The authors declare that they have no conflict of interest.

Figures

Fig. 1

Fig. 1. AKAP1 deficiency in glaucomatous RGCs.

a Western blot analysis for AKAP1 in the retinas of 10-month-old glaucomatous DBA/2J and age-matched D2-Gpnmb + mice. b Representative images from immunohistochemical analyses for AKAP1 (green) and TUJ1 (red) in the retina of D2-Gpnmb + and glaucomatous DBA/2J mice. Arrowheads indicate accumulation of AKAP1 co-labeled with TUJ1 in RGC somas and arrows indicate TUJ1-labeled axon bundles. Note that glaucomatous RGCs showed a decrease in AKAP1 protein expression. Blue color indicates nucleus. c Quantitative analysis for fluorescent intensity showed a significant decrease in AKAP1 immunoreactivity in the retina of glaucomatous DBA/2J mice. GCL, ganglion cell layer; IPL, inner plexiform layer; INL, inner nuclear layer; OPL, outer plexiform layer; ONL, outer nuclear layer. Mean ± SD; n = 3 (a) and n = 10 (c); *P < 0.05 and ***P < 0.001 (two-tailed unpaired Student’s t test). Scale bar: 20 μm.

Fig. 2

Fig. 2. CaN-mediated dephosphorylation of Drp1 at S637 in glaucomatous retina.

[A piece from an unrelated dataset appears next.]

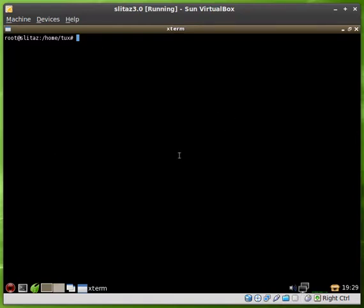Okay, we're going to be looking at Slitaz again here. We're going to be looking at how to play music and videos from the command line.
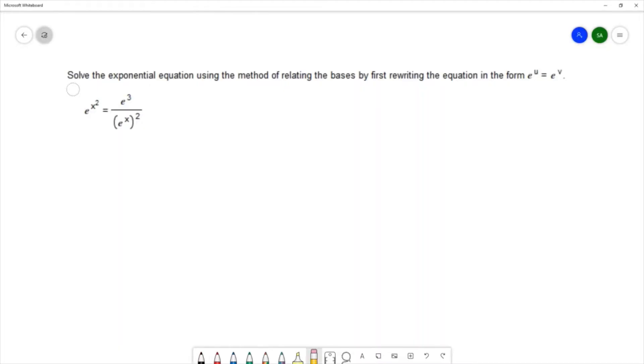In this question we want to solve the exponential equation using the method of relating the bases by first writing the equation in the form e to the u equals e to the v.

a Western blot analyses for CaN in the retinas of 10-month-old glaucomatous DBA/2J and age-matched D2-Gpnmb + mice. b Representative images from immunohistochemical analyses for CaN (green, arrowheads) co-labeled with RBPMS (red, arrowheads) in RGCs. Note that glaucomatous RGCs showed increases in CaN protein expression. Blue color indicates nucleus. c Quantitative analysis for fluorescent intensity showed a significant increase in CaN immunoreactivity in the retina of glaucomatous DBA/2J mice. d Western blot analyses for total Drp1 and phospho-Drp1 Ser637 in the retinas of glaucomatous DBA/2J and age-matched D2-Gpnmb + mice. e Representative images from immunohistochemical analyses for total Drp1 (green, arrowheads) co-labeled with TUJ1 (red, arrowheads) in RGCs. Note that glaucomatous RGCs showed increases in total Drp1 protein expression. Blue color indicates nucleus. f Quantitative analysis for fluorescent intensity showed a significant increase in Drp1 immunoreactivity in the retina of glaucomatous DBA/2J mice. GCL, ganglion cell layer; IPL, inner plexiform layer; INL, inner nuclear layer; OPL, outer plexiform layer; ONL, outer nuclear layer. Mean ± SD; n = 3 (a, d) and n = 10 (c, f); **P < 0.01 and ***P < 0.001 (two-tailed unpaired Student’s t test). Scale bar: 20 μm.

Fig. 3

Fig. 3. CaN expression in AKAP1−/− retina.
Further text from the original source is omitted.